The task: Give back every entry, exactly as written.

━━━━━ Data under study

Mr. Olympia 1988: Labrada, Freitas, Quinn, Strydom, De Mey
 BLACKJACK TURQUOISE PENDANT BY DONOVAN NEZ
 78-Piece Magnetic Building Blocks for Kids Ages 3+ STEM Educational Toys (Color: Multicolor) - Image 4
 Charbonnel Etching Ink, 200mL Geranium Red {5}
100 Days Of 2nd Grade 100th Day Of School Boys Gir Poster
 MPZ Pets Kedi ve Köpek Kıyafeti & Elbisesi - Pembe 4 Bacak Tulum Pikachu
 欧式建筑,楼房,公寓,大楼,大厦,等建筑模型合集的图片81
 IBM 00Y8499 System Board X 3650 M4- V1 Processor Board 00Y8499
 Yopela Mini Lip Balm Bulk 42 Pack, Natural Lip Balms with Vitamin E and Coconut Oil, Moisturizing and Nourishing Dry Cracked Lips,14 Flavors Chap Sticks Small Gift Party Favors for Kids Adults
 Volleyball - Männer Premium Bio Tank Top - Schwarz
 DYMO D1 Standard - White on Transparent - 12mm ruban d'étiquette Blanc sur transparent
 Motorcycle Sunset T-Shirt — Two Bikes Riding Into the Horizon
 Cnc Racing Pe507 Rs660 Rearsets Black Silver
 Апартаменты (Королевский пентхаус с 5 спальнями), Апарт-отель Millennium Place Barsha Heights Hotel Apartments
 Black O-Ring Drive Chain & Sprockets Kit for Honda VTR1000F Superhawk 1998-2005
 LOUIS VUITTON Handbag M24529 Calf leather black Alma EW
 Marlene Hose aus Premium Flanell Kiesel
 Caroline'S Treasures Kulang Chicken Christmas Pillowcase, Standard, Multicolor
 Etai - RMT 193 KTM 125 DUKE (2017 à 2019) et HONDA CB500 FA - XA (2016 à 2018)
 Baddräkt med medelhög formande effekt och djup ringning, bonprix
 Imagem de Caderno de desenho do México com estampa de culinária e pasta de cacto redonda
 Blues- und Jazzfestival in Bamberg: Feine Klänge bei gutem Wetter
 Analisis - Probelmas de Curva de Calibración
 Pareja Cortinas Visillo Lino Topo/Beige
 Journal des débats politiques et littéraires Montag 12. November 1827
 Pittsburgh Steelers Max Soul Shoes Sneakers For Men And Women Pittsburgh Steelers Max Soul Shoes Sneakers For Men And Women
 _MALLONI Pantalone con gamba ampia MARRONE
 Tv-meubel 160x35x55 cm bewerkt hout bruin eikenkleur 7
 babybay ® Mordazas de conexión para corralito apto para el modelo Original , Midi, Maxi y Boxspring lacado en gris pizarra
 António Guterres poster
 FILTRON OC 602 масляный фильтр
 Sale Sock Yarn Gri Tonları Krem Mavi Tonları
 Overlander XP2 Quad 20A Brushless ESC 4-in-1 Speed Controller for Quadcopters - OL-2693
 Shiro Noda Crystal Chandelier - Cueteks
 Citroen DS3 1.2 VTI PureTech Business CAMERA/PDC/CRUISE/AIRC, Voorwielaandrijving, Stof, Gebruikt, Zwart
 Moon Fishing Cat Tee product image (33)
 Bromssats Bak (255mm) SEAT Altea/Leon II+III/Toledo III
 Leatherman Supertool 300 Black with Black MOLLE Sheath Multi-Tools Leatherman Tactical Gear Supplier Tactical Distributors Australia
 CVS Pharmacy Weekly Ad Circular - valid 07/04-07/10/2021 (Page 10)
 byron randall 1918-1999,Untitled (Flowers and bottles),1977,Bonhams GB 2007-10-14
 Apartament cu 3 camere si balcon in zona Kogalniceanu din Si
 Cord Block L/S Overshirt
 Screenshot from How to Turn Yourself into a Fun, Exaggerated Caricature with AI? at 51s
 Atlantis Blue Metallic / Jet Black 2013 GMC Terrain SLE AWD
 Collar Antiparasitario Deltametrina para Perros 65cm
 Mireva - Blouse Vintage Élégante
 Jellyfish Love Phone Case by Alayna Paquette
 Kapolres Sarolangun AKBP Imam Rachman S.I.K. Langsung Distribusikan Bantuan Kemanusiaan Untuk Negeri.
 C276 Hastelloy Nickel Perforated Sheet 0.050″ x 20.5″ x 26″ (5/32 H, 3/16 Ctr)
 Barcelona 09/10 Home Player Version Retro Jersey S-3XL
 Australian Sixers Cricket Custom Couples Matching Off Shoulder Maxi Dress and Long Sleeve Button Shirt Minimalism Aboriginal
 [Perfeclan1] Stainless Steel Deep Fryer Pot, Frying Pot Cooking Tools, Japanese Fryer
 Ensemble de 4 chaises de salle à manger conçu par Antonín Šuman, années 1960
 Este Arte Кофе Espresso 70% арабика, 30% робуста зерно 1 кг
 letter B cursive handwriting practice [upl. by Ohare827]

━━━━━━━━━━

Expected answer:
Mr. Olympia 1988: Labrada, Freitas, Quinn, Strydom, De Mey
 BLACKJACK TURQUOISE PENDANT BY DONOVAN NEZ
 78-Piece Magnetic Building Blocks for Kids Ages 3+ STEM Educational Toys (Color: Multicolor) - Image 4
 Charbonnel Etching Ink, 200mL Geranium Red {5}
100 Days Of 2nd Grade 100th Day Of School Boys Gir Poster
 MPZ Pets Kedi ve Köpek Kıyafeti & Elbisesi - Pembe 4 Bacak Tulum Pikachu
 欧式建筑,楼房,公寓,大楼,大厦,等建筑模型合集的图片81
 IBM 00Y8499 System Board X 3650 M4- V1 Processor Board 00Y8499
 Yopela Mini Lip Balm Bulk 42 Pack, Natural Lip Balms with Vitamin E and Coconut Oil, Moisturizing and Nourishing Dry Cracked Lips,14 Flavors Chap Sticks Small Gift Party Favors for Kids Adults
 Volleyball - Männer Premium Bio Tank Top - Schwarz
 DYMO D1 Standard - White on Transparent - 12mm ruban d'étiquette Blanc sur transparent
 Motorcycle Sunset T-Shirt — Two Bikes Riding Into the Horizon
 Cnc Racing Pe507 Rs660 Rearsets Black Silver
 Апартаменты (Королевский пентхаус с 5 спальнями), Апарт-отель Millennium Place Barsha Heights Hotel Apartments
 Black O-Ring Drive Chain & Sprockets Kit for Honda VTR1000F Superhawk 1998-2005
 LOUIS VUITTON Handbag M24529 Calf leather black Alma EW
 Marlene Hose aus Premium Flanell Kiesel
 Caroline'S Treasures Kulang Chicken Christmas Pillowcase, Standard, Multicolor
 Etai - RMT 193 KTM 125 DUKE (2017 à 2019) et HONDA CB500 FA - XA (2016 à 2018)
 Baddräkt med medelhög formande effekt och djup ringning, bonprix
 Imagem de Caderno de desenho do México com estampa de culinária e pasta de cacto redonda
 Blues- und Jazzfestival in Bamberg: Feine Klänge bei gutem Wetter
 Analisis - Probelmas de Curva de Calibración
 Pareja Cortinas Visillo Lino Topo/Beige
 Journal des débats politiques et littéraires Montag 12. November 1827
 Pittsburgh Steelers Max Soul Shoes Sneakers For Men And Women Pittsburgh Steelers Max Soul Shoes Sneakers For Men And Women
 _MALLONI Pantalone con gamba ampia MARRONE
 Tv-meubel 160x35x55 cm bewerkt hout bruin eikenkleur 7
 babybay ® Mordazas de conexión para corralito apto para el modelo Original , Midi, Maxi y Boxspring lacado en gris pizarra
 António Guterres poster
 FILTRON OC 602 масляный фильтр
 Sale Sock Yarn Gri Tonları Krem Mavi Tonları
 Overlander XP2 Quad 20A Brushless ESC 4-in-1 Speed Controller for Quadcopters - OL-2693
 Shiro Noda Crystal Chandelier - Cueteks
 Citroen DS3 1.2 VTI PureTech Business CAMERA/PDC/CRUISE/AIRC, Voorwielaandrijving, Stof, Gebruikt, Zwart
 Moon Fishing Cat Tee product image (33)
 Bromssats Bak (255mm) SEAT Altea/Leon II+III/Toledo III
 Leatherman Supertool 300 Black with Black MOLLE Sheath Multi-Tools Leatherman Tactical Gear Supplier Tactical Distributors Australia
 CVS Pharmacy Weekly Ad Circular - valid 07/04-07/10/2021 (Page 10)
 byron randall 1918-1999,Untitled (Flowers and bottles),1977,Bonhams GB 2007-10-14
 Apartament cu 3 camere si balcon in zona Kogalniceanu din Si
 Cord Block L/S Overshirt
 Screenshot from How to Turn Yourself into a Fun, Exaggerated Caricature with AI? at 51s
 Atlantis Blue Metallic / Jet Black 2013 GMC Terrain SLE AWD
 Collar Antiparasitario Deltametrina para Perros 65cm
 Mireva - Blouse Vintage Élégante
 Jellyfish Love Phone Case by Alayna Paquette
 Kapolres Sarolangun AKBP Imam Rachman S.I.K. Langsung Distribusikan Bantuan Kemanusiaan Untuk Negeri.
 C276 Hastelloy Nickel Perforated Sheet 0.050″ x 20.5″ x 26″ (5/32 H, 3/16 Ctr)
 Barcelona 09/10 Home Player Version Retro Jersey S-3XL
 Australian Sixers Cricket Custom Couples Matching Off Shoulder Maxi Dress and Long Sleeve Button Shirt Minimalism Aboriginal
 [Perfeclan1] Stainless Steel Deep Fryer Pot, Frying Pot Cooking Tools, Japanese Fryer
 Ensemble de 4 chaises de salle à manger conçu par Antonín Šuman, années 1960
 Este Arte Кофе Espresso 70% арабика, 30% робуста зерно 1 кг
 letter B cursive handwriting practice [upl. by Ohare827]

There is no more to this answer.